The Moon, April 18-19, 1775
Many participants remembered that the moon was nearly full on the night of April 18-19, 1775. “The moon shone bright,” Paul Revere wrote in his deposition. His fellow captive Sanderson wrote independently, “It was a bright moon-light after the rising of the moon, and a pleasant evening” (Phinney, Lexington, 31).
These memories have been confirmed by two American astronomers, Donald W. Olson and Russell L. Doescher, who studied this subject in detail, and found that the nearest full moon occurred on April 15, 1775, and the last quarter on April 22. On the night of the midnight ride, they calculate that “there was indeed a bright waning-gibbous moon, 87 percent sunlit, in Boston on the night of April 18, 1775.” They estimate that the moon rose over Boston at approximately 9:53 p.m., local apparent solar time (approximately 25 minutes later than our modern Eastern Standard Time).
On that night Olson and Doescher reckon that the moon had a strong southern declination of -18 degrees. If Revere’s friends were rowing him across the Charles River at approximately 45 minutes after moonrise, the moon would have been very low in the southern sky—6 degrees above the horizon, on a true bearing of 121 degrees.
Revere’s course from the North End of Boston to Charlestown’s ferry landing was approximately 330 degrees.
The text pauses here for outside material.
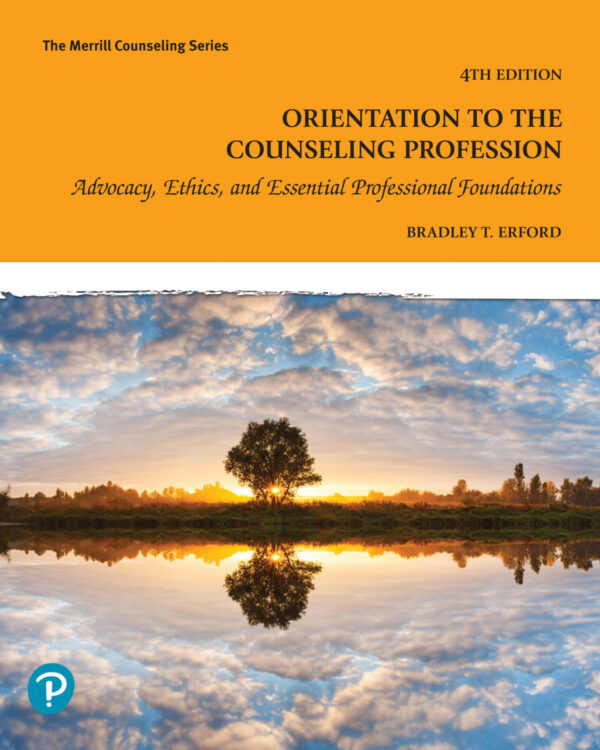 Orientation To The Counseling Profession 4Th Edition Advocacy, Ethics, And Essential Professional Foundations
The moon was almost directly behind him, and as it was only 6 degrees above the horizon, his boat would have been shrouded in the dark moonshadow of the town’s skyline, and very difficult to see from the deck of HMS Somerset, or even from British guardboats that were patrolling the river that night.
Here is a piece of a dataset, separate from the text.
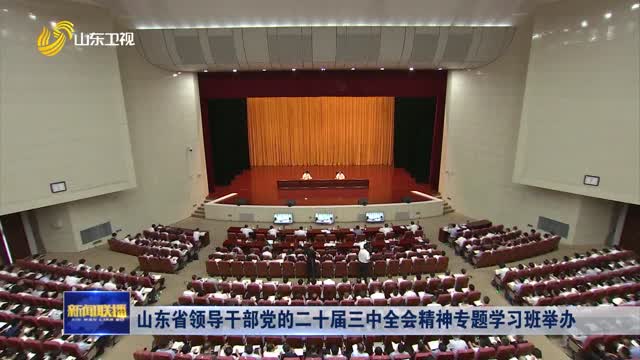 山东省领导干部党的二十届三中全会精神专题学习班举办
The transit of the moon occurred at 2:42 a.m. according to the computations of two other astronomers, Jacques Vialle and Darrel Hoff. The marker in the Minute Man National Historical Park that refers to a third quarter moon is not correct.
See Donald W. Olson and Russell L. Doescher, “Astronomical Computing: Paul Revere’s Midnight Ride,” Sky and Telescope, April 1992, pp. 437-40; also Jacques Vialle and Darrel Hoff, “The Astronomy of Paul Revere’s Ride,” Astronomy 20 (1992): 13-18.